This is because your stroke medical 'professionals' have completely failed you! By not having 100% recovery protocols!
Social Participation Restrictions Common Among Older Female Stroke Survivors
Older stroke survivors in the United States, particularly women, commonly experience social participation restrictions possibly due to prestroke health and sex differences in social activities, according to study findings published in Stroke.
Sex differences in participation restriction and contributors to these differences among community-dwelling older stroke survivors were examined and compared with a similar population but without stroke history.
The investigators conducted a nationwide observational study using data from the US NHATS (National Health and Aging Trends Study; a nationally representative longitudinal study of Medicare beneficiaries aged ≥65 years), 2011 to 2022, to identify incident stroke survivors aged at least 65 years. NHATS oversamples individuals aged at least 90 years and non-Hispanic Black individuals. Participants self-reported via interview that they experienced restricted participation in the year of stroke onset for visiting friends and family and going out for enjoyment, as well as restricted participation in the past month in clubs, classes, and religious services.
Overall, 469 stroke survivors (56.6% women; 11.0% non-Hispanic Black) half of whom were aged 75 to 84 years, were included in the analysis. Women vs men were more likely to be older, less educated, not currently driving, living alone, widowed, and experience worse physical capacity with more activity limitations. Additionally, women tended to have more anxiety, lack access to technology, and have larger social networks. Similar sex differences were noted among a non-stroke comparator group.

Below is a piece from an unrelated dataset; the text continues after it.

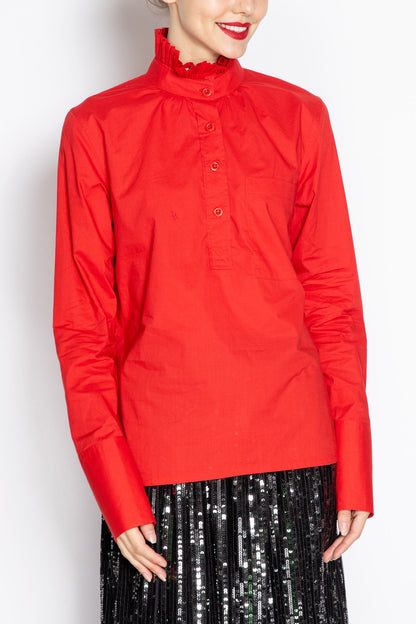 Frilled Cotton Shirt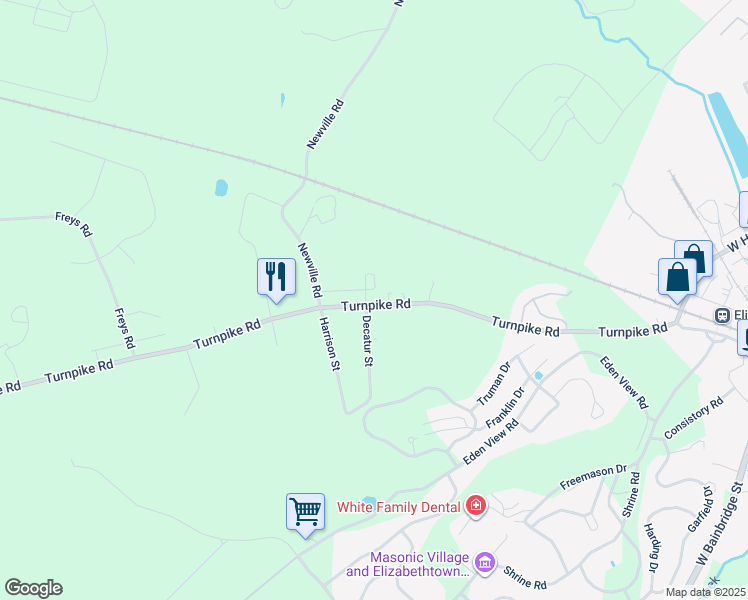 map of restaurants, bars, coffee shops, grocery stores, and more near 817 Turnpike Road in Elizabethtown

Stroke survivors, compared with those in the non-stroke population, were more likely to be older, less educated, widowed, have anxiety and depression, use technology, and have a smaller social network.
The investigators wrote that women vs men experienced a higher unadjusted prevalence of any participation restriction (40.3% vs 29.4%; odds ratio [OR], 1.90; 95% CI, 1.21-2.99) and restriction attending religious services (27.5% vs 19.0%; OR, 1.80; 95% CI, 1.08-3.02).
After individual adjustment for driving mobility, marital status, and physical capacity, these sex differences were mostly attenuated, more so following adjustment for activity limitations, living alone, and comorbidities. After simultaneously adjusting for all of these factors, no significant sex differences were found for any participation restrictions (adjusted [a]OR, 1.36; 95% CI, 0.70-2.65). The aOR for restrictions in religious service attendance was 1.36 (95% CI, 0.74-2.49).
Study limitations include possible temporal bias in assessment of post-stroke participation restriction, over-adjustment bias, and reporting bias in self-reports. Additionally, residual confounding was associated with lack of data on stroke severity.
“Social participation restrictions are prevalent among older stroke survivors, particularly for women, which appears to be attributable to sex differences in social factors and prestroke health,” the investigators concluded. “These results suggest that future social or clinical interventions aimed at promoting poststroke social participation may need to be sex-specific.”